The man
was nearly gone--it needed no experienced eye to tell that. Melinoff's
face was grayish in its pallor, and his eyes, open, seemed to have lost
their lustre; but as Jimmie Dale knelt and lifted the man's shoulders
and supported the other's head upon his knee, the light in the
old-clothes dealer's black eyes seemed suddenly to return and to glow
with a strange, passionate, eager fire, as they fixed on Jimmie Dale's
face. Melinoff's lips moved. Jimmie Dale bent his head to Catch the
words that were almost inaudible.
"The--the Pippin. Here"--the old man's hand struggled toward his side
where a dark crimson blotch had soaked his shirt--"here--he--he stabbed
me--because--because--" The voice failed and died away, and the man's
head fell back on Jimmie Dale's arm.
Jimmie Dale raised the other's head gently again.
"Yes!" he said quickly, striving to rouse the other. "Yes; go on!
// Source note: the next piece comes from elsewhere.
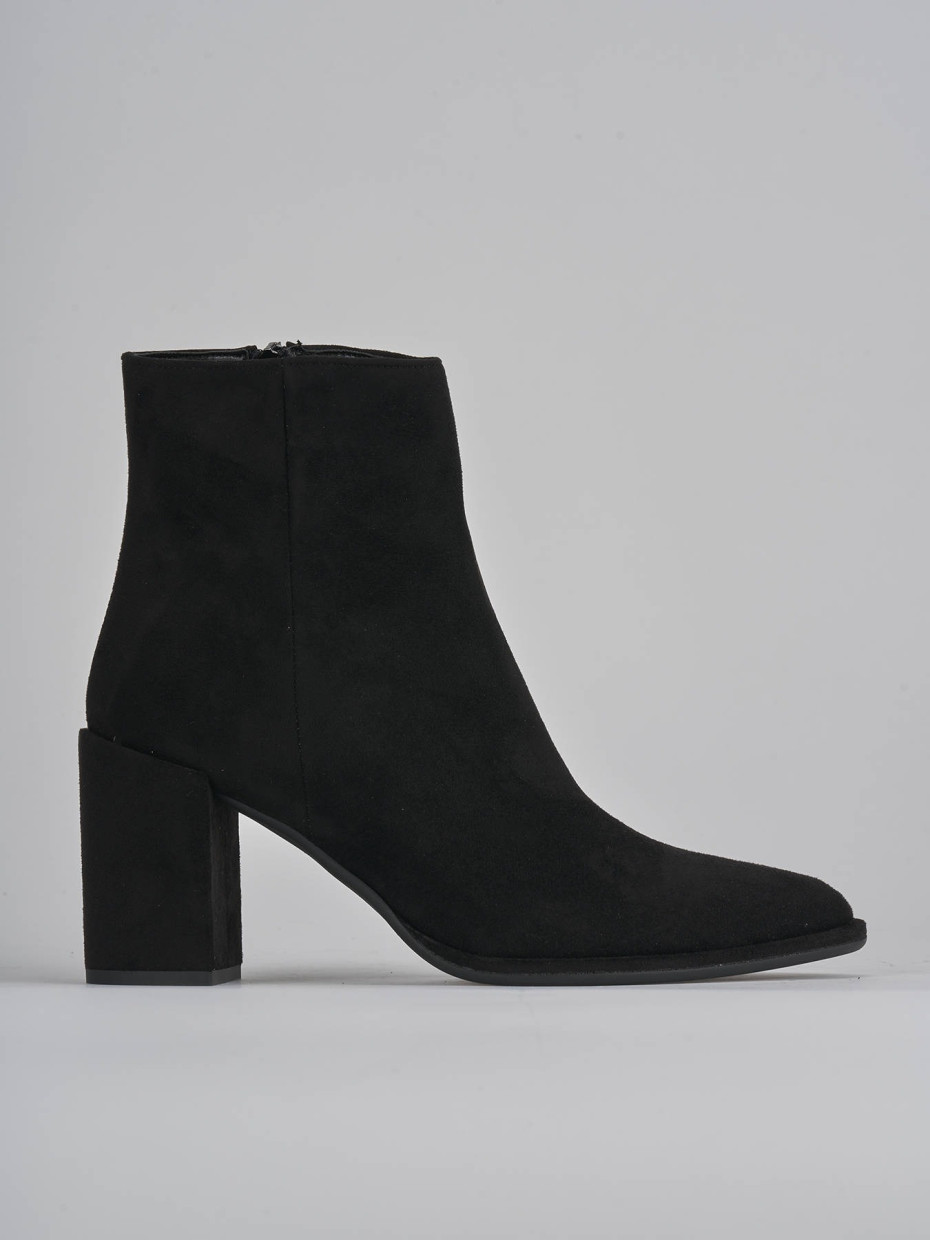 High heel ankle boots heel 8 cm black suede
I
understand. The Pippin stabbed you. Because--what? Go on, Melinoff! Go
on! I am listening."
The eyes opened once more--but the light was dying out of them, and they
were filming now. And then suddenly the man forced himself forward into
a sitting posture, and his voice rang wildly through the room:
"It is a lie! A lie! I played square--do you hear! Old Melinoff
played square! I did not understand at first--but I did not
forget.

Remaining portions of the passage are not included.